Organic farming making a resurgence

    Organic farming today is an alternative agricultural system which has been making its way back in recent years because of rapidly changing farming practices and an ever-increasing awareness of the need for better land stewardship.
    Before the 20th century, all food was grown organically. The history of organic agriculture can be traced back thousands of years.
    The history of conventional agriculture is less than 100 years old.
    Organic farming was the original and traditional way to farm, although it was not called organic. It was simply how people grew their food.
    After World War II, the U.S. had both the motivation and scientific knowledge to leave behind agricultural methods that relied solely on sun, water and animals.
    The country entered into the period of industrial farming powered by fossil fuels. In addition to that new direction of change was a mindset created by severe food shortages that were commonplace during the Great Depression and WWII. It became foremost in importance that the quantity and abundance of our food supply should increase to meet the demands of the country.
    Technologies developed during WWII led to a major escalation in the use of chemical fertilizers and pesticides.
    Ammonium nitrate used for munitions was abundant and inexpensive fertilizer and nerve gas were developed into pesticide.
    In the early 1960s, followers of the hippie culture took a stand against how the industrialization of agriculture was affecting water, air, land and all that nourished people. They believed that our farming practices were not on a sustainable path to create a healthy society. Hippies believed that we must create a food system that worked with nature instead of against it.

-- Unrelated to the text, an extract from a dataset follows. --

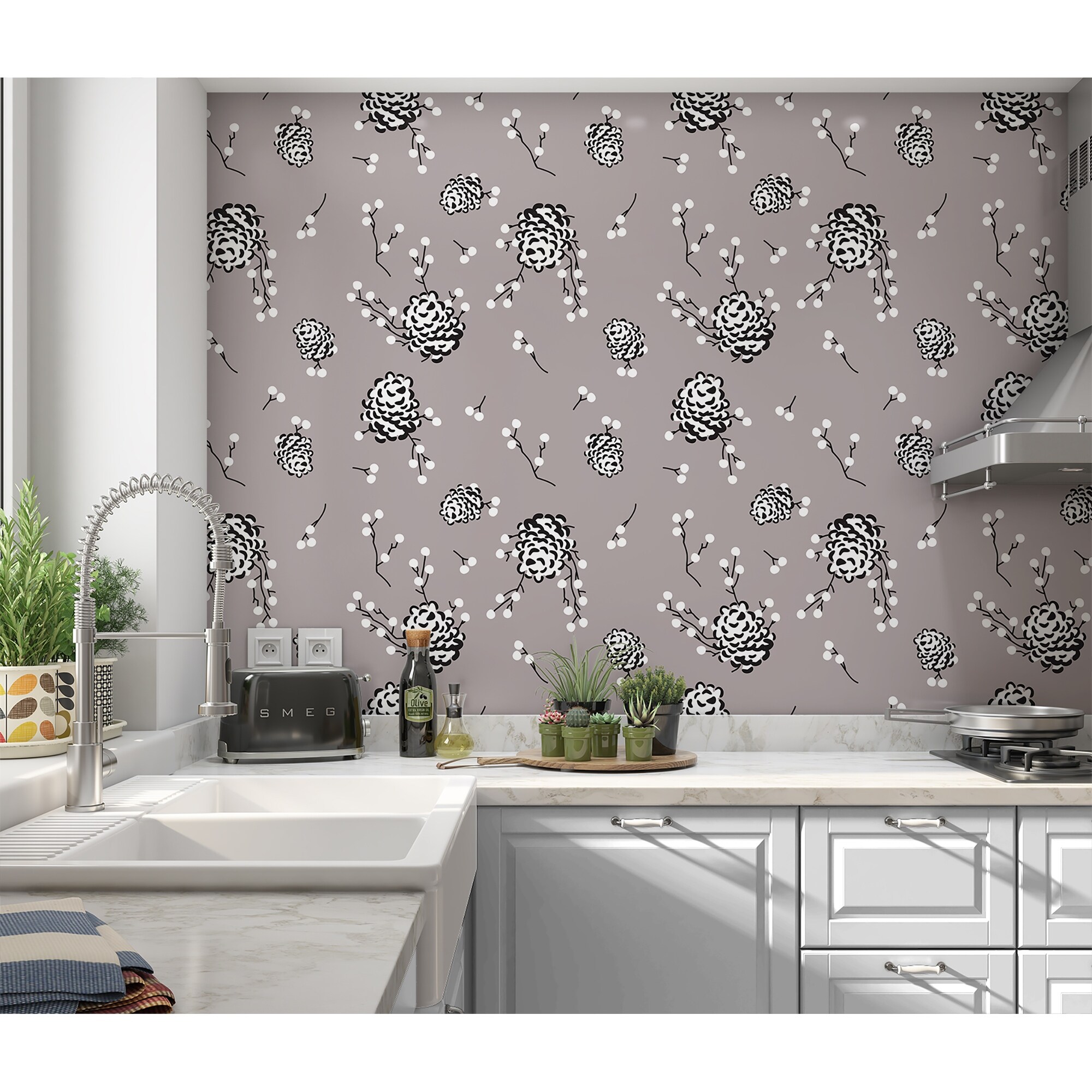 Shop Pinecone Purple Peel And Stick Wallpaper By Kavka Designs 2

    This movement began to shed light on the need to reconsider the use of synthetic chemicals in farming practices.
    Agricultural experts came to realize that chemicals used to maintain conventional farming were having a negative effect on the environment and people’s health.

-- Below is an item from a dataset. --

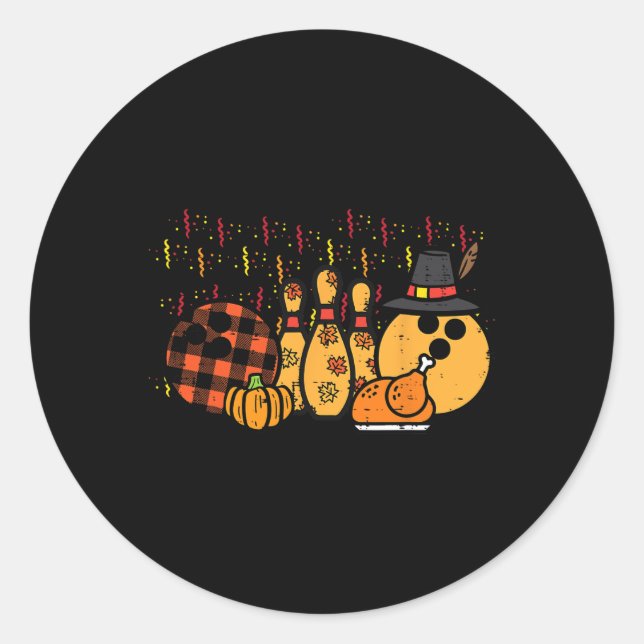Sticker Rond Thanksgiving Bowling Turquie Day Fall Men Women Ki (Devant)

    Many conventional farmers are finding that it now takes five to 10 times as much synthetic fertilizer to get the same result in crop yield from 20 years ago because the soil has deteriorated.
    Organic farming produces more food at less cost to the health of people and the planet.

Local organic farming gaining interest
    Joel Grosbach, a Chase County farmer, has been classified as certified organic for one year.
    In 2017, Grosbach raised organic white corn and pinto beans on irrigated land, he said.
    “In 2018, I plan to grow organic popcorn,” he continued.
    Organic farming requires crop rotation to keep weeds and insects under control, Grosbach said.
    “Crop rotation is a good practice whether you farm organically or conventionally,” he stated.
    He explained the difference between conventional and organic farming being that organic farming does not use synthetics.
    “All fertilizer and pesticides must be naturally occurring or derived,” he said.
    “One example of a natural fungicide for organic crops is an extract of knotweed,” said Grosbach.
    Tim Varilek is an “Acre+” advisor with an emphasis on organic farming for the Frenchman Valley Coop Agronomy Department in Imperial.
    Varilek said even though there are some similarities between conventional and organic farming, he concurred that organically grown crops are restricted from the use of all commercial or synthetic fertilizers and pesticides.
    “The yield potential and amount of time working the field can be similar, but organic farming involves a little more labor-intensive cultivation to keep weeds down. I never met a weed that iron can’t kill,” Varilek smiled.
    If all farmers were organic, it would not feed the world. There is still a need for both conventional and organic farming at the present time, said Varilek.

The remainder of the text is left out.